The greatest common factor (GCF), also called the greatest common divisor (GCD), is the largest whole number that divides two integers exactly. Euclid's Algorithm is an ancient, remarkably efficient method for finding it using repeated division with remainder. This calculator returns the GCF of any two whole numbers and shows every division step so you can follow the work.
How to use it
Enter two whole numbers in Value 1 and Value 2. The tool takes the larger as the dividend and the smaller as the divisor, then divides repeatedly until the remainder is zero. The last nonzero divisor is the GCF. Order does not matter and negative signs are ignored, since the GCF depends only on magnitude.
The formula explained
At each step you compute a quotient and a remainder: \(a = c \times b + R\), where \(c = \lfloor a / b \rfloor\) and \(R = a \bmod b\). You then replace a with b and b with R and repeat. Because each remainder is strictly smaller than the previous divisor, the process always terminates. When \(R = 0\), the current divisor is the answer. As a recursion:
$$\gcd(a, b) = \gcd(b, a \bmod b),\quad \gcd(a, 0) = a$$Worked example
Find GCF(816, 2260). Set \(a = 2260\), \(b = 816\).

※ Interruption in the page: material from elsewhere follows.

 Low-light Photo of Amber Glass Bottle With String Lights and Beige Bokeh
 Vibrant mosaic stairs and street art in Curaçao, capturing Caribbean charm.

$$2260 = 2 \times 816 + 628$$$$816 = 1 \times 628 + 188$$$$628 = 3 \times 188 + 64$$$$188 = 2 \times 64 + 60$$$$64 = 1 \times 60 + 4$$$$60 = 15 \times 4 + 0$$The remainder hits zero with divisor 4, so GCF(816, 2260) = 4.
FAQ
Are GCF and GCD the same thing? Yes. "Greatest common factor" and "greatest common divisor" are synonyms; this tool answers both.
What if one input is 0? \(\gcd(a, 0) = a\), because every number divides 0. If both are 0, the GCF is undefined.
Can I find the GCF of three numbers? Apply the tool pairwise: \(\gcd(x, y, z) = \gcd(\gcd(x, y), z)\).